• Work item
The required result is an exact copy of the material from the line with "Palazzo in vendita a La Rosa, Terricciola" through its final line, both ends included.

• Task material
────────
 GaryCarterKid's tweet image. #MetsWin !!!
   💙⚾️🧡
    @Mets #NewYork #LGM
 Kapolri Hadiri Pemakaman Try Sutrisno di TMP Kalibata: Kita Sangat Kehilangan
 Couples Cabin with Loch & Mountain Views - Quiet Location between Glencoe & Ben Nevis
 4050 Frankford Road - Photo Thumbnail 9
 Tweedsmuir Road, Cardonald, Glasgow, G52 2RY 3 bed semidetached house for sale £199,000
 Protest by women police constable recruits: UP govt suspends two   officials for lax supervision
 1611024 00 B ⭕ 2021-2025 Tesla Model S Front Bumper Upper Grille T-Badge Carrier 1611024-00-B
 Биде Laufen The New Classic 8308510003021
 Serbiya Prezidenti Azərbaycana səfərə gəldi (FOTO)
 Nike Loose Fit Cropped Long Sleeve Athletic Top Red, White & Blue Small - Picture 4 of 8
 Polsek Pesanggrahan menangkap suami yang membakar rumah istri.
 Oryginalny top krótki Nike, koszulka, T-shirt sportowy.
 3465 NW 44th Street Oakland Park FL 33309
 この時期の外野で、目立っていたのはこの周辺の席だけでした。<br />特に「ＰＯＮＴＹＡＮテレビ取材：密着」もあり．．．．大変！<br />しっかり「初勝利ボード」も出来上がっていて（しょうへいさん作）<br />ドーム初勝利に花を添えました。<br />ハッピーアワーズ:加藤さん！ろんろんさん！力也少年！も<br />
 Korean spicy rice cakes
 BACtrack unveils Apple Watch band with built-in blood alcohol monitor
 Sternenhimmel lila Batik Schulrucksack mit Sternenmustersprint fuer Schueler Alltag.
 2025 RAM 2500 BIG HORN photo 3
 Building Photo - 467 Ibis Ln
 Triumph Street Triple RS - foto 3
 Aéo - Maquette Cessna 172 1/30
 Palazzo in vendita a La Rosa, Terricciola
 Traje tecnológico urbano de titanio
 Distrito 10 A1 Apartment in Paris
────────
• Answer section
 Palazzo in vendita a La Rosa, Terricciola
 Traje tecnológico urbano de titanio
 Distrito 10 A1 Apartment in Paris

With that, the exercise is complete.